PROBLEM STATEMENT = Nothing but the records, transcribed exactly, should appear in the answer; leave the pictures out.

--

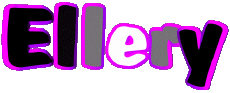 First Names MASCULINE -  UK - USA - IRL - AUS - NZ E Ellery 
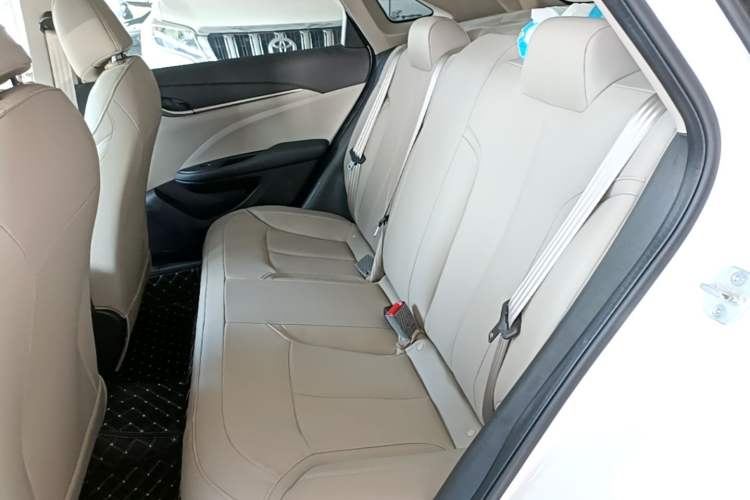 Used Buick GT 2021 Exemplar 1.5L Automatic Elite Version Left Rear Seat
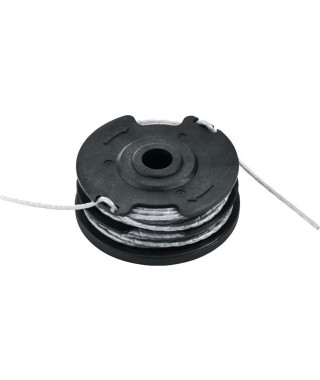 BOSCH Recharge bobine de fil pour ART 24, 27, 30 et ART 30-36 LI - 8 m x Ø 1,6 mm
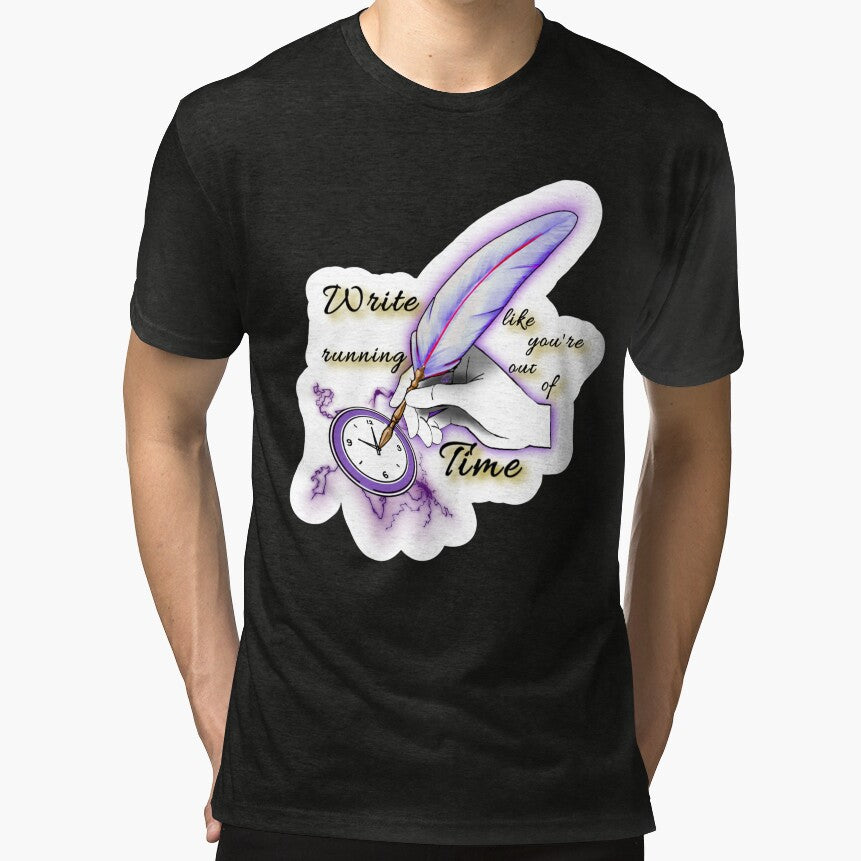 Writing by KWoodsDesigns
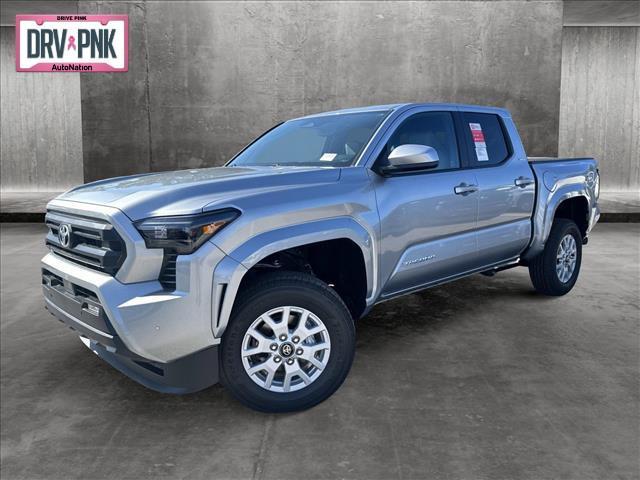 new 2024 Toyota Tacoma car, priced at $41,642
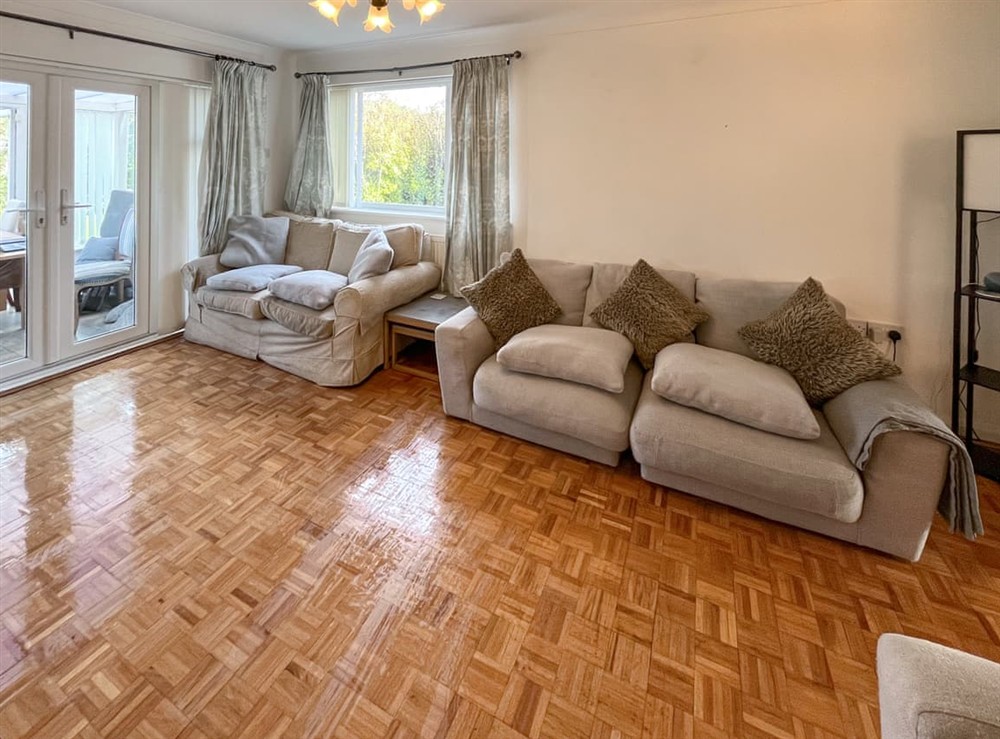 Living area (photo 3) at Springfield Bungalow in Palm Bay, Margate, Kent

--

SOLUTION TO THIS EXERCISE =
 First Names MASCULINE -  UK - USA - IRL - AUS - NZ E Ellery 
 Used Buick GT 2021 Exemplar 1.5L Automatic Elite Version Left Rear Seat
 BOSCH Recharge bobine de fil pour ART 24, 27, 30 et ART 30-36 LI - 8 m x Ø 1,6 mm
 Writing by KWoodsDesigns
 new 2024 Toyota Tacoma car, priced at $41,642
 Living area (photo 3) at Springfield Bungalow in Palm Bay, Margate, Kent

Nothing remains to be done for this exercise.